At her 1-year visit, she was still using prednisolone acetate once daily. Her visual acuity was still 20/40, and she was asymptomatic. Her eye was white and quiet, but she was found to have a white opacity in the interface of the graft and host, inferior temporal to the visual axis. The epithelium was
intact, and there were no cells in the anterior chamber.

Because of the potential fungal exposure resulting from the positive donor rim culture, the patient was started on oral fluconazole 200 mg twice daily and gatifloxacin drops four times daily. The next day, she was brought to the operating room. A venting incision was placed over the infiltrate. A needle was inserted into the incision to obtain material for culture. Amphotericin was then injected into the corneal stroma. The prednisolone acetate was discontinued. Amphotericin drops were started four times daily and gatifloxacin drops were continued four times daily. Over the next few days, the eye became more inflamed and the patient developed pain. A significant anterior chamber reaction began to develop, and the prednisolone acetate was restarted twice daily. The eye eventually quieted with the addition of the steroid drops.

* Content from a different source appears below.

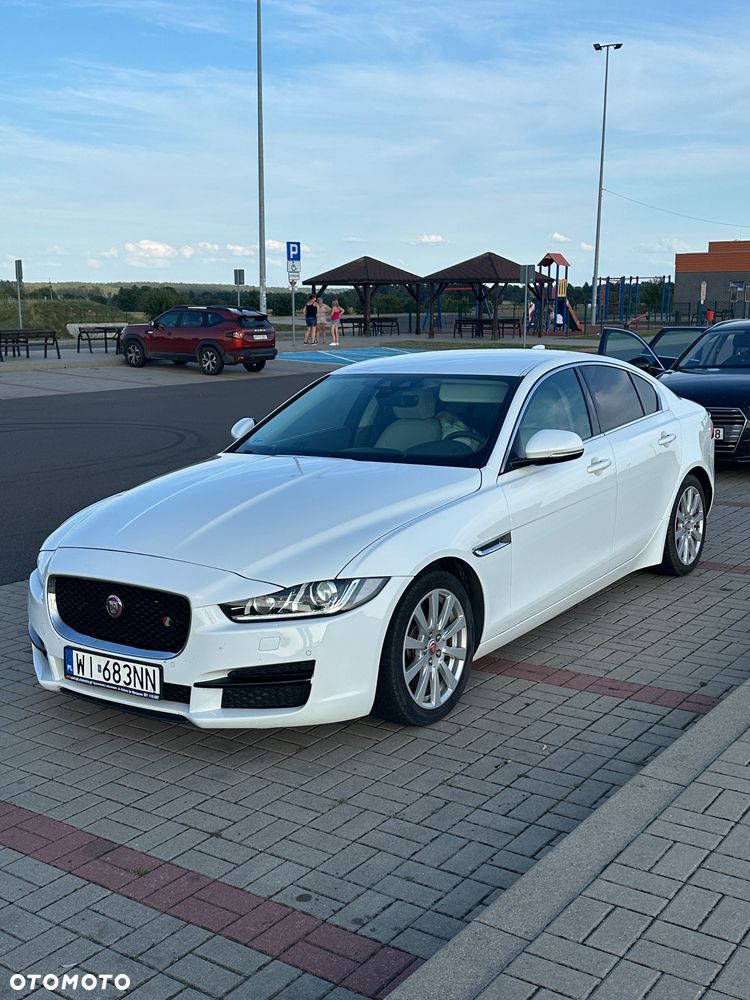 Jaguar Xe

A pocket of debris was visualized in the corneal optical coherence tomography image, which was diagnosed as active fungal keratitis. Due to the risk of seeding the fungal elements into the eye with a repeat DSEK, a full-thickness penetrating keratoplasty was performed. The patient has treated again with fluconazole 200 mg twice daily, amphotericin drops four times daily, gatifloxacin drops four times daily, and prednisolone acetate drops four times daily. The cornea was sent for culture and grew Candida famata, which was also detected on pathology. The patient's new corneal graft remains clear. After 20 months, her best-corrected visual acuity was 20/40 with spectacles and 20/25 with a gas permeable contact lens.